600 sq ft loft that “comfortably sleeps 8” sells at 21 East 22 Street, with happy back story, and different front story

telling part of your story on TV
It is a cliche to say that there are 8 million stories in the naked city, but it is also true. The listing description for the “600 sq ft” Manhattan mini-loft #6G at 21 East 22 Street that sold last month for $590,000 links to the beginning of the story for one Manhattan couple with an unusual (newsworthy!) solution to being a new family unit, while the deed record hints at the end of their story. Let’s look at the real estate angle of the (happy!) (clever!!) beginning of their story, before delving into darker material.

tight, like a ship’s cabin
The broker babble describes mini-loft #6G as “easily convert[ible] into a one bedroom layout”, but that is hard to prove without a floor plan. That is a much more modest description than they way the owner described it in an April 20, 2003 New York Times “Habitats” feature in the Sunday real estate section done when the mini-loft was newly renovated and there was a happy couple sharing two units 4 floors apart in the building; then these few, these proud 600 sq ft were claimed to “sleep 8”.

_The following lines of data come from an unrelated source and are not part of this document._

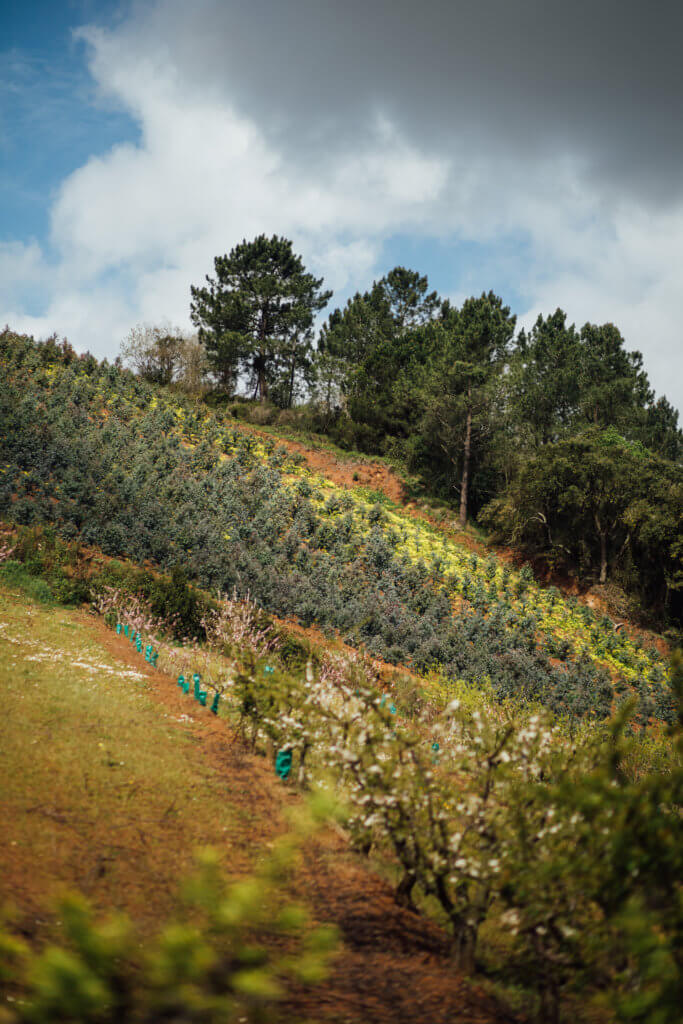 Travel • Portugal • Saidia Photography - 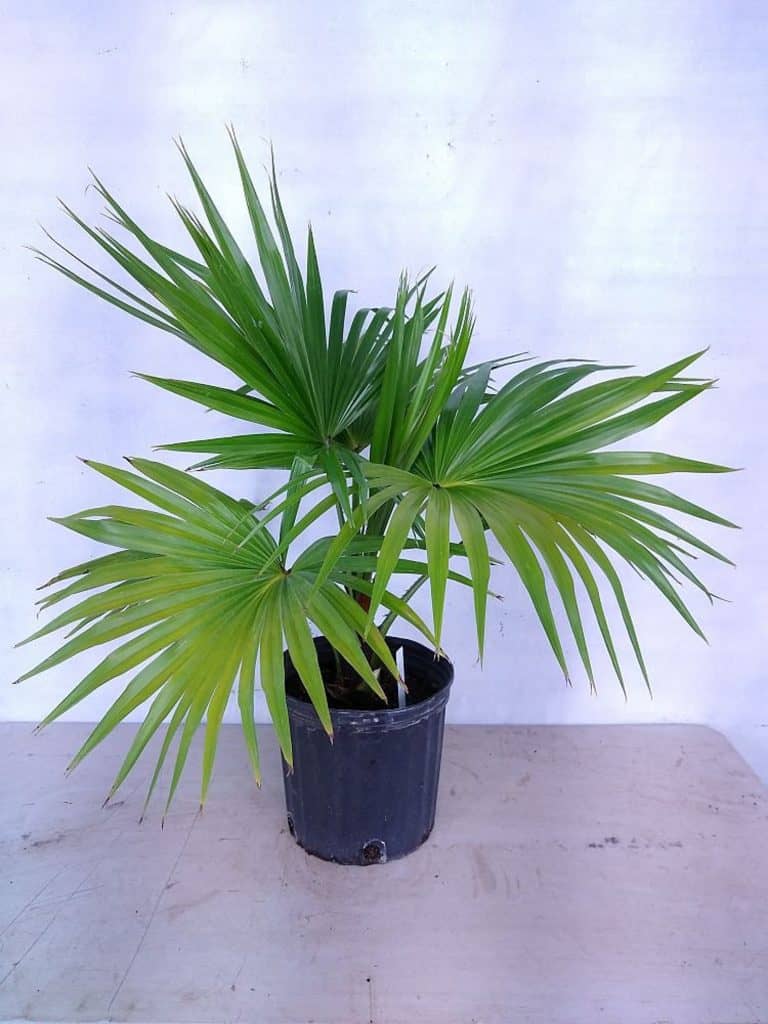 chinese palm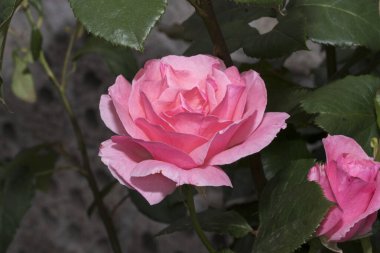 Yeşil yapraklı güzel pembe bir gül..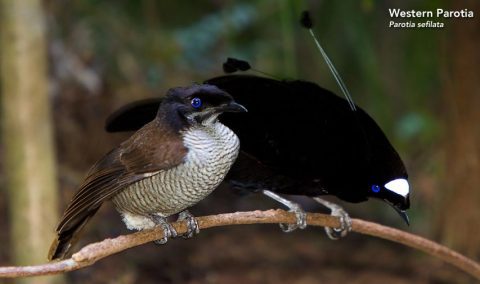 Taking a Closer Look: Inspection & Touch as Part of Courtship western parotia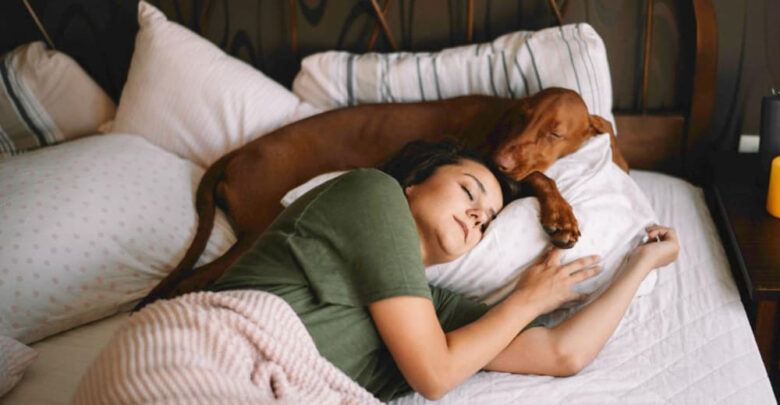 should your dog sleep in your room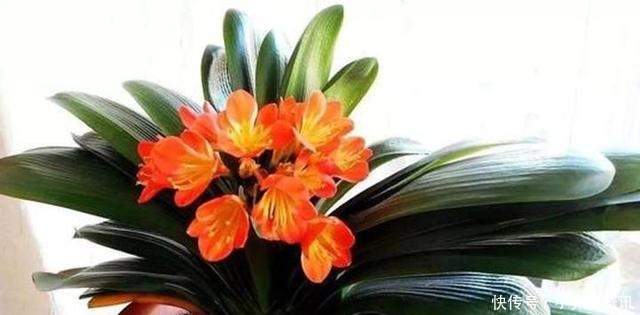 厨房一种的养花宝,比柳树皮都易得,效果不比柳树皮差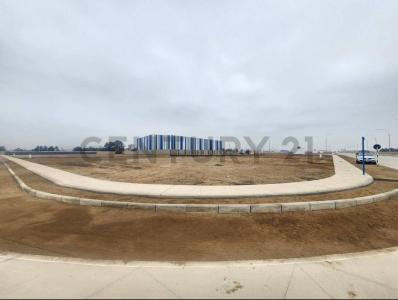 Cañete, Lima 00001, Peru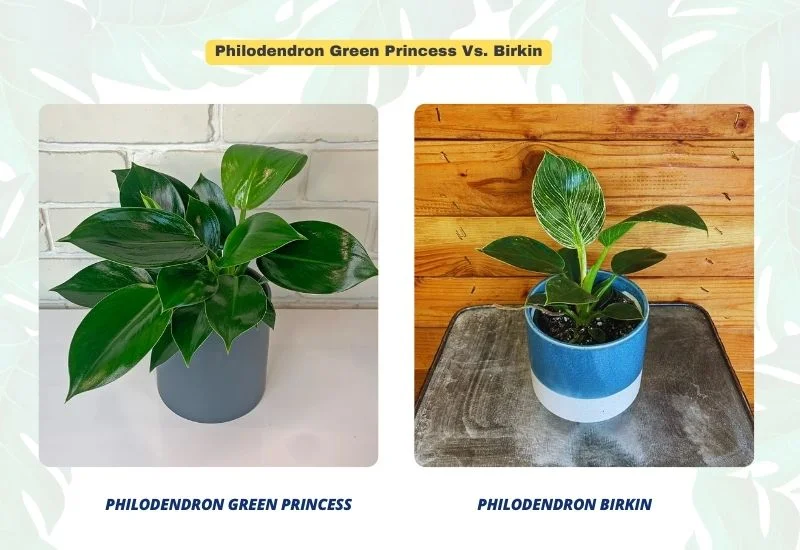 Philodendron Green Princess vs. Birkin 2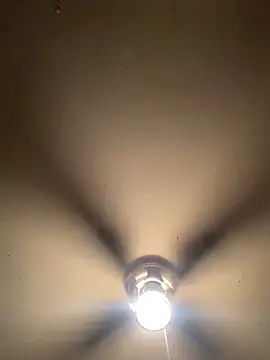 thiccplamp online show from November 29, 3:39 am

More likely, the current broker babble means that the sleeping area can be closed off with a wall to make a(n interior) room. That’s the “sleeping area” below the two sleep lofts, and not the sleeping that can be done on the pull-out couch, of course. The layout is not hard to read from the pictures (especially if you click the ‘full view’ feature on StreetEasy) — after all, we are only talking about 600 sq ft. The “bedroom” is on your left as you enter, with the bathroom immediately right and the kitchen one step ahead and right. Only 2 more steps and you are in the dining area / living room. The 11 foot ceilings are squeezed within an inch of their lives to fit the two sleep lofts above the ‘foyer’ and the bedroom, and that orange thing is a clever ladder that folds up into the cabinet when not needed for access under the ceiling.

The Times describes how this loft came to be designed this way. Short story:

    • Woman on the 2nd and floor gets together with Guy
    • her place is too small for her child and him and his occasional children
    • he buys #6G and she designs the Nice Touches, such as that foldaway ladder, the 6-burner professional range, the lighting system
    • they bathe in his, shower in hers (spend most nights in hers)
    • they put up his kids and out-of-town guests in his

As the headline says: living together but 4 floors apart. Cute story, right? Amazing use of #6G’s limited space, right?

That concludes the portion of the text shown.